Moon sorrise e attese che l'autista terminasse con i bagagli.
Aveva avvertito sua madre di preparare la stanza degli ospiti perché portava la vicina e anche che lei arrivava più tardi.
Purtroppo non era stato possibile trovare un altro posto libero sullo stesso volo così aveva ceduto il suo ad Agathe e per se aveva prenotato il volo dopo. Sarebbe arrivata all'incirca alle undici di sera ma non importava, tanto sua madre le aveva assicurato che sarebbero andati a prenderla.
Quando Agathe partì richiamò sua madre per avvertirla che la vecchietta era partita e che di lì a poche ore sarebbe stata a Pittsburgh.
Le raccomandò di non sommergere la poverina di domande e sua madre si indignò, tipico.
Restò in aeroporto a gironzolare per i negozi, prese dei regali che mancavano e un panino.
Quando finalmente giunse l'ora del suo volo si era annoiata a morte, aveva perso il conto dei caffè bevuti ed era nervosa.
Sapeva che al suo arrivo niente sarebbe cambiato da quando cinque anni prima era partita.

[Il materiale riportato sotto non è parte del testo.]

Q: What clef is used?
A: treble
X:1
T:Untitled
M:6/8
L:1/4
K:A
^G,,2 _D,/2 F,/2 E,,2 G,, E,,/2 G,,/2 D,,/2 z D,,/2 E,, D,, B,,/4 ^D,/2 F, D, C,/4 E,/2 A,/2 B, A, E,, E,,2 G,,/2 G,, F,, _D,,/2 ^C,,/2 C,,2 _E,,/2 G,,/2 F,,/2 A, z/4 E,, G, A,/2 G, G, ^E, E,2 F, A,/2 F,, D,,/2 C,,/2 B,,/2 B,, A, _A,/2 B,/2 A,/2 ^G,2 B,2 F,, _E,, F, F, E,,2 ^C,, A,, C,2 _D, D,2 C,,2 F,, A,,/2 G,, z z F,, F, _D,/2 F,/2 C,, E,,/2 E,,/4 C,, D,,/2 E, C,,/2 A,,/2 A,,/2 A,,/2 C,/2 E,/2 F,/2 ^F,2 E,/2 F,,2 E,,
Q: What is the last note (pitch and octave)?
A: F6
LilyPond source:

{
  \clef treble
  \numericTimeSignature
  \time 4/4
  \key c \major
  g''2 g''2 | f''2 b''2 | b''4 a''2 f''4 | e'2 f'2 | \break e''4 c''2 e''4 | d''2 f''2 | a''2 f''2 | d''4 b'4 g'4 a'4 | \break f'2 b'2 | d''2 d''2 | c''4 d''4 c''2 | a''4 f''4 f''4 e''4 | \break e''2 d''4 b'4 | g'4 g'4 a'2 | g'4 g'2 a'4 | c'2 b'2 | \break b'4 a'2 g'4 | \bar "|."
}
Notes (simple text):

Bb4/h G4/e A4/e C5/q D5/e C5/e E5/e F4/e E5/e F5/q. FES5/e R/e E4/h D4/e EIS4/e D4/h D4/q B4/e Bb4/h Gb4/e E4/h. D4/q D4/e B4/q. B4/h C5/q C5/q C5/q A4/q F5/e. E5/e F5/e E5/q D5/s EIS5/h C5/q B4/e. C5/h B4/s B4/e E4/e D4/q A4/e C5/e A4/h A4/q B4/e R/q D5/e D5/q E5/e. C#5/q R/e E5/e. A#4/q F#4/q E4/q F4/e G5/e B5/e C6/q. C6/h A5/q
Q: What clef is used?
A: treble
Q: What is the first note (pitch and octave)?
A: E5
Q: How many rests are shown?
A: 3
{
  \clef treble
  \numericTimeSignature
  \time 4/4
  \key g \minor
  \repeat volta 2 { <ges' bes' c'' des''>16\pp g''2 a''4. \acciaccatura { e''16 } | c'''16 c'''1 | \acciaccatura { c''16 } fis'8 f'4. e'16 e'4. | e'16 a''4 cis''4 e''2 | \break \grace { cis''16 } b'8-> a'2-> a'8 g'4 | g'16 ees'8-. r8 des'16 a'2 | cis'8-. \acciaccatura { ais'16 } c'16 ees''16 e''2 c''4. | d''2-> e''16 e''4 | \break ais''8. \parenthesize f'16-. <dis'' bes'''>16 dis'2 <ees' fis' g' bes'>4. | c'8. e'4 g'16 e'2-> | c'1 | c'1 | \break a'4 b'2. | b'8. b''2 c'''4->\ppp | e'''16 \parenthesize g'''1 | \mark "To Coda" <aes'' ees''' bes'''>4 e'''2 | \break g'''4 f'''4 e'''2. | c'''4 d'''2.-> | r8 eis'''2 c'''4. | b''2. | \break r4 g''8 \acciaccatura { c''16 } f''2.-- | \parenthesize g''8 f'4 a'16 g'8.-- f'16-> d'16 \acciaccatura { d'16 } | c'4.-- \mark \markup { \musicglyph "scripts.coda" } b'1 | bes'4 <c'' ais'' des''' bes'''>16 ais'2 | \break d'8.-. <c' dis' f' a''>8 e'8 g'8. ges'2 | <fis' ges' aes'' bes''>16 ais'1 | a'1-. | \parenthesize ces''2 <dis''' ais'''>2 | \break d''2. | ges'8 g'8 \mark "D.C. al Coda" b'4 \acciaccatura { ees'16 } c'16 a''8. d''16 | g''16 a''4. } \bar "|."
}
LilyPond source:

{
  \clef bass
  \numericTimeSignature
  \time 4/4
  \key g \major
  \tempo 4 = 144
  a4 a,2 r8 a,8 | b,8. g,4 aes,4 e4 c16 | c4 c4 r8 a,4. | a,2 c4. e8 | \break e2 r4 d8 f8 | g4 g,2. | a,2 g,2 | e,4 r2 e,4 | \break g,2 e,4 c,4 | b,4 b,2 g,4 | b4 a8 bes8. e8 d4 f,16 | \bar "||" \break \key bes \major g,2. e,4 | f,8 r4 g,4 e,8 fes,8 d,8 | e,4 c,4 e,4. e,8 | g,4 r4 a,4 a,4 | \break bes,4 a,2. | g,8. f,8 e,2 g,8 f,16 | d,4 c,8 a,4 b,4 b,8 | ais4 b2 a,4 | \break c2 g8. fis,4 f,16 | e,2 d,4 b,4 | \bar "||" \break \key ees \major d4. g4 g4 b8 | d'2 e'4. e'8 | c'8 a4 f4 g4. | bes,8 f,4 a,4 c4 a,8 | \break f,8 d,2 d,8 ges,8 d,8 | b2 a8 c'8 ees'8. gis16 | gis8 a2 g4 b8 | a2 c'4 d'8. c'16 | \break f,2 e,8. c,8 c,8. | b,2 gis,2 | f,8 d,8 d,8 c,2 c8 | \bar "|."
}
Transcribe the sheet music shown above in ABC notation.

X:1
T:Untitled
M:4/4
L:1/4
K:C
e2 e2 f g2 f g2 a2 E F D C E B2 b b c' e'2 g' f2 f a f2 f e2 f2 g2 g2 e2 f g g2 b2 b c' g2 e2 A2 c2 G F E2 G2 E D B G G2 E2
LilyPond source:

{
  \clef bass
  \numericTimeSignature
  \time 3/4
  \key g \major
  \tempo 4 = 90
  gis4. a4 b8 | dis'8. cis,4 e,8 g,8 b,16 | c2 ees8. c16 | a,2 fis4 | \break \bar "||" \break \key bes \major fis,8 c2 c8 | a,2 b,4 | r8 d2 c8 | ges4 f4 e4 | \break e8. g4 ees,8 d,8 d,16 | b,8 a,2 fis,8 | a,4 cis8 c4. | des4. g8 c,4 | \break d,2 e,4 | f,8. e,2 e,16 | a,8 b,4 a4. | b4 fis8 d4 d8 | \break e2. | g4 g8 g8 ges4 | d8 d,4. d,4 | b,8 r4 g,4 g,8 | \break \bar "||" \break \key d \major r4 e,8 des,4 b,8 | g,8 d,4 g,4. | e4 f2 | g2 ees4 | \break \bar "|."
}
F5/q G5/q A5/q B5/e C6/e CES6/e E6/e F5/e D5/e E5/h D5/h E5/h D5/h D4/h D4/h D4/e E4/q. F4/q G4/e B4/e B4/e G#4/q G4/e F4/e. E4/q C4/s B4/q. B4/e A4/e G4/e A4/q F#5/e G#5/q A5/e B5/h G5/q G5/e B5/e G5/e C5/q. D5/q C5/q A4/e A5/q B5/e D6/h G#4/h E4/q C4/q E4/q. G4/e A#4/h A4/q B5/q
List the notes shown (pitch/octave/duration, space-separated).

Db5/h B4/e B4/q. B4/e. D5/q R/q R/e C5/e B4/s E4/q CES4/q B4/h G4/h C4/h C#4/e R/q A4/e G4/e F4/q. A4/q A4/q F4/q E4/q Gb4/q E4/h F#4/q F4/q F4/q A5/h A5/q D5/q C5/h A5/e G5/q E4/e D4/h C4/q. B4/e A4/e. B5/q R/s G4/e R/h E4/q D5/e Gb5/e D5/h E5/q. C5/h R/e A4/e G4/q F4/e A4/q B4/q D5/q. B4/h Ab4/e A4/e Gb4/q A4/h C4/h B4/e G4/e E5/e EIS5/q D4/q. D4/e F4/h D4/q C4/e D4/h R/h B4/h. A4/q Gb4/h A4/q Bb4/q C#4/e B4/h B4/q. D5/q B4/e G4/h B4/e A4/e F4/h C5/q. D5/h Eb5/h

Sua madre perennemente impegnata a fare torte e biscotti per questo o quell'evento, suo padre con la fedele rivista 'Astronomy' sotto il braccio e gli occhiali, un paio poggiati sulla testa e un paio appesi al collo, Venus in cerca perenne di uno specchio e un blocco di appunti dove appuntare idee e spunti per gli eventi da organizzare. E poi c'era Nick forse l'unico che la ascoltava, che viaggiava sulla sua stessa lunghezza d'onda, che rubava pezzi di torta o biscotti a sua madre, prendeva in giro Venus nelle sue pose da diva e chiedeva a suo padre se durante la notte era spuntato un nuovo pianeta. Nel tempo libero lavorava in un azienda come consulente e poi allenava i piccoli della squadra di hockey.
Durante il volo non riuscì a chiudere occhio, colpa di tutto il caffè che aveva bevuto .
Aveva osservato le luci di New York scomparire alla sua vista e adesso osservava dall'alto Pittsburgh.
Sospirò pesantemente e iniziò a pregare in latino anche se non ricordava una sola parola.
Appena il portellone dell'aereo si aprì un vento gelido si insinuò all'interno e Moon maledisse la competizione con sua sorella.
La gonna che portava era troppo corta e le gambe le si erano gelate ancor prima di scendere.
Si strinse nel cappotto e si accinse a uscire dall'aereo, nel piccolo aereoporto secondario di Pittsburgh ancora erano agli antipodi e doveva fare un centinaio di metri per raggiungere il gate e recuperare le valigie. Di certo se avesse prenotato lei avrebbe scelto un volo di linea che atterrava all'aeroporto internazionale dotato di tutti i comfort, ma sua madre era dedita al risparmio e all'ultimo minuto non aveva trovato di meglio.
Un fischio di apprezzamento la fece girare, il cappotto si era alzato con il vento e aveva mostrato le sue gambe lunghe e ben modellate.
Un uomo sulla trentina forse, con cappello con visiera la salutò e le fece un sorriso niente male, solo che lei non era interessata.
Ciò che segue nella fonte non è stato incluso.